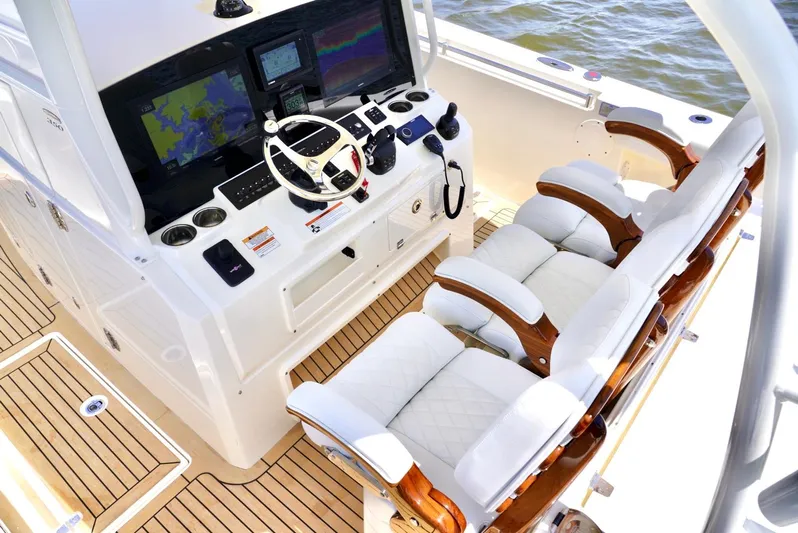  Yacht Photos Pics 2020 Cobia 350 Center Console boat cockpit with advanced navigation system and luxurious seating.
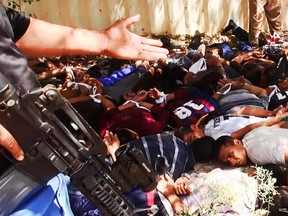 This image posted on a militant website on Saturday, June 14, 2014, which has been verified and is consistent with other AP reporting, appears to show militants from the al-Qaida-inspired Islamic State of Iraq and the Levant (ISIL) with captured Iraqi soldiers wearing plain clothes after taking over a base in Tikrit, Iraq. The Islamic militant group that seized much of northern Iraq has posted photos that appear to show its fighters shooting dead dozens of captured Iraqi soldiers in a province north of the capital Baghdad. Iraq's top military spokesman Lt. Gen. Qassim al-Moussawi confirmed the photos' authenticity on Sunday and said he was aware of cases of mass murder of Iraqi soldiers.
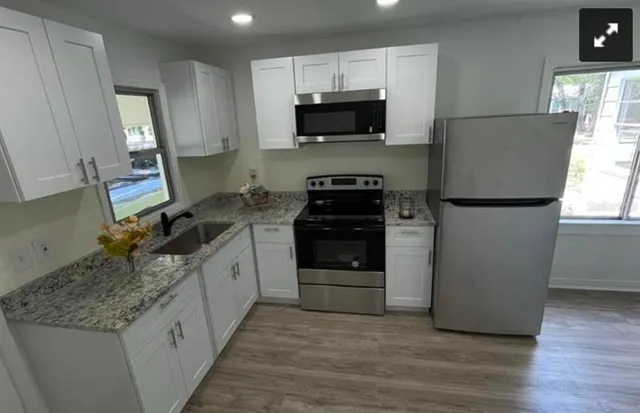 a kitchen with a sink a stove and a microwave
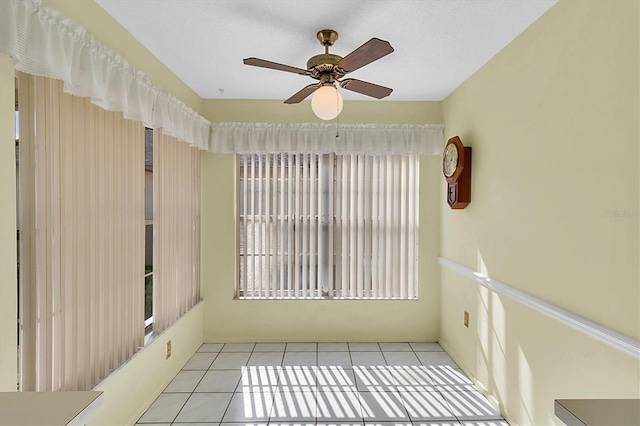 empty room featuring a ceiling fan and tile patterned flooring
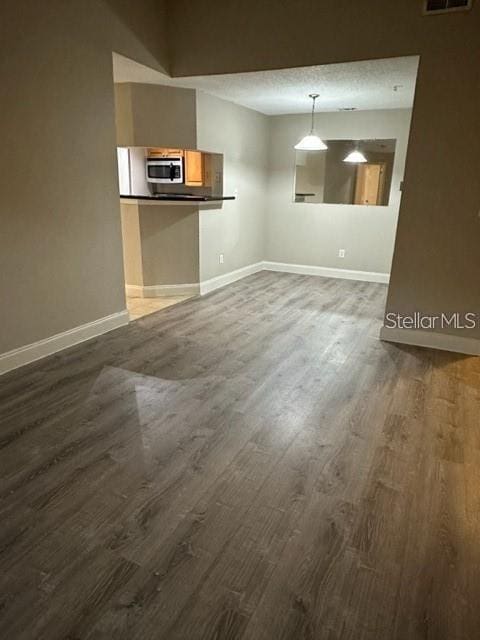 unfurnished dining area with dark wood-type flooring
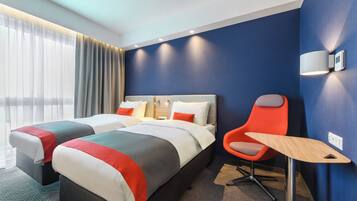 Una habitación de hotel con dos camas, un escritorio y una silla.
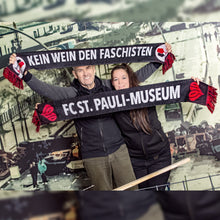Lade das Bild in den Galerie-Viewer, Auf dem Bild sieht man 2 Models vor einer Wand. Auf der ist eine Szene der alten Hafenstraße abgebildet. Die 2 Models halten jeweils einen Schal hoch. Er ist schwarz und es steht in großen Buchstaben der Satz Kein Wein den Faschisten darauf. Auf der anderen Rückseite des Schals steht in großen weißen Buchstaben FC St. Pauli Museum.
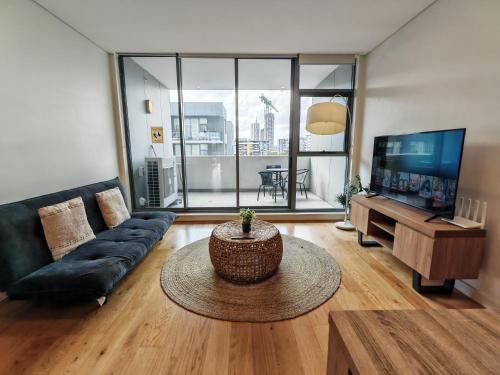 a living room with a couch and a tv at 2BR apt close to MQ shopping centre and university in Sydney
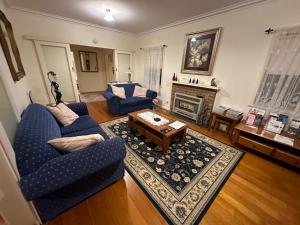 un soggiorno con 2 sedie blu e un tavolino da caffè di Admurraya House Bed & Breakfast a Rutherglen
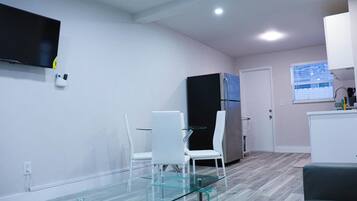 A modern kitchen with a refrigerator, a dining table with chairs, and a TV mounted on the wall.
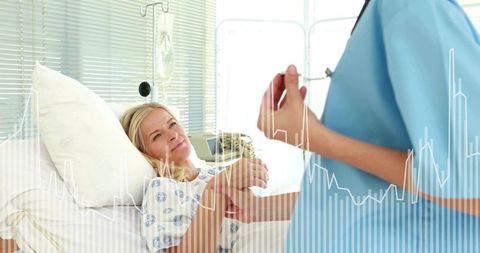 Nurse Checking Patient Pulse at Bedside with IV Drip Providing Compassionate Hospital Care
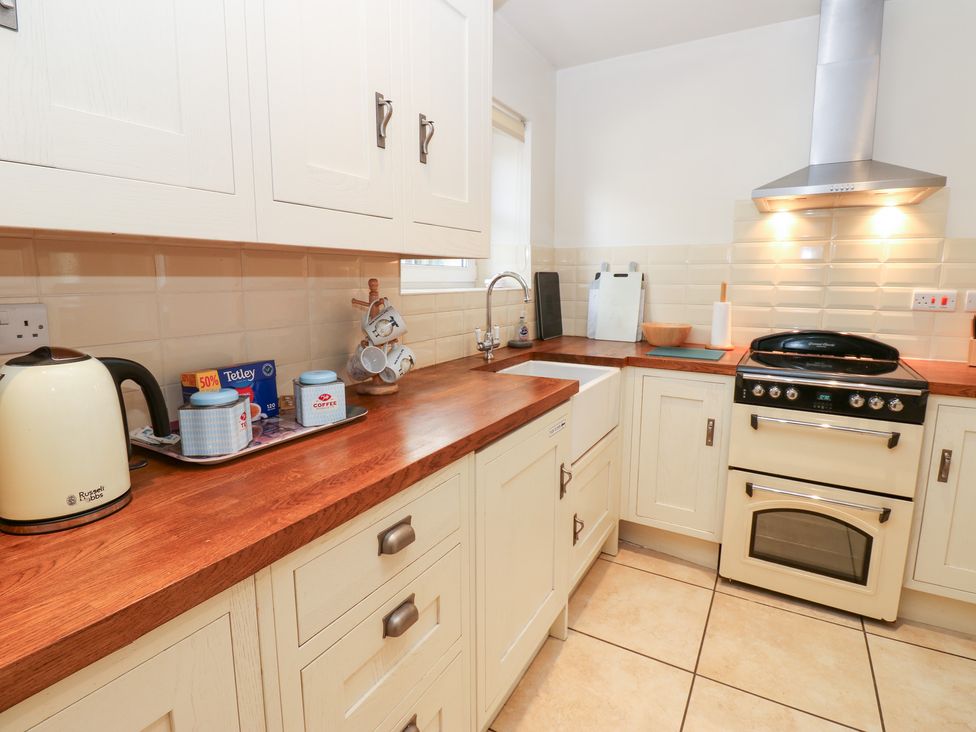A kitchen with a sink and stove at Bridge House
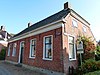 Eenvoudig pand onder zadeldak met wolfeinden waarop hoekschoorstenen
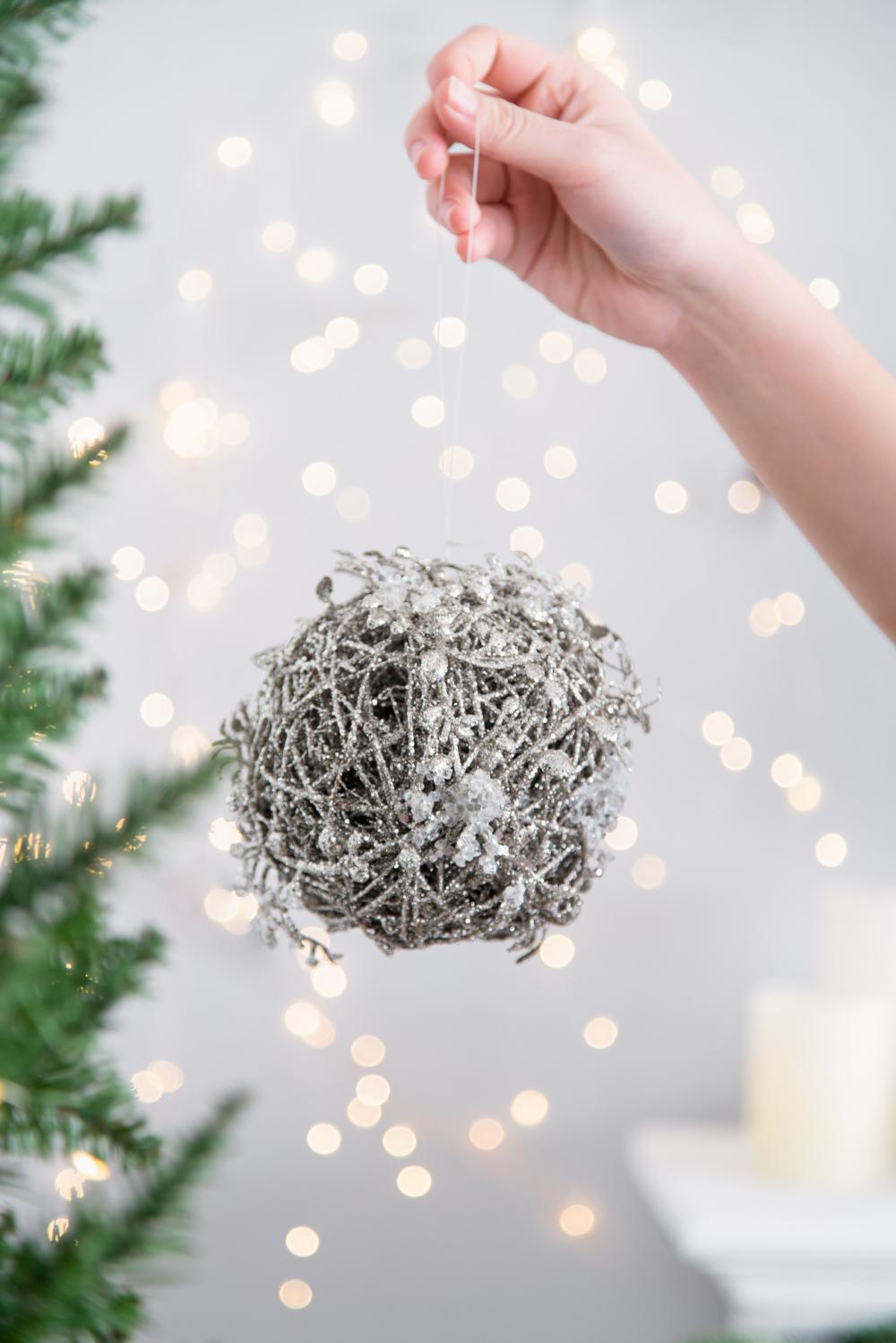 Silver glittery twig ball ornament with faux snow detail ideal Christmas decoration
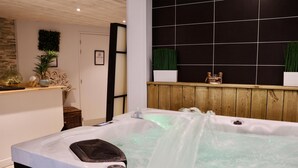 A spa area with a hot tub, wooden paneling, and a tiled wall with a grid pattern. - Best Western Hotel Garden & Spa (La Baule-Escoublac)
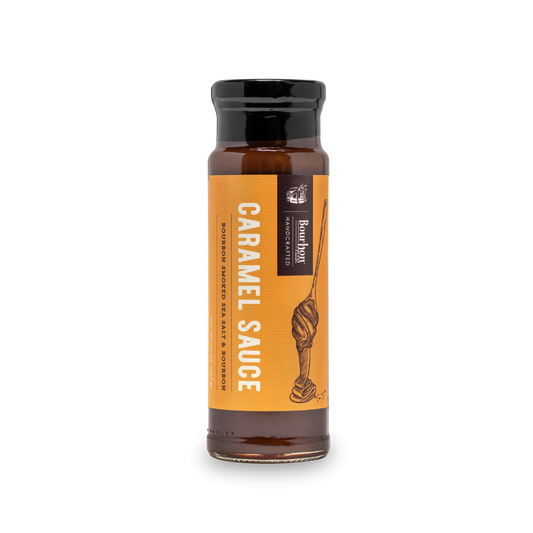 Caramel sauce bottle with orange label and dark cap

+ + + + +

** TASK TO COMPLETE **
Please transcribe exactly the part of the records that opens with the line containing "Una habitación de" and closes with the line containing "Lade das Bild", both ends included, and leave out the pictures.

** REPLY TO THE EXERCISE **
 Una habitación de hotel con dos camas, un escritorio y una silla.
Lade das Bild in den Galerie-Viewer, Auf dem Bild sieht man 2 Models vor einer Wand. Auf der ist eine Szene der alten Hafenstraße abgebildet. Die 2 Models halten jeweils einen Schal hoch. Er ist schwarz und es steht in großen Buchstaben der Satz Kein Wein den Faschisten darauf. Auf der anderen Rückseite des Schals steht in großen weißen Buchstaben FC St. Pauli Museum.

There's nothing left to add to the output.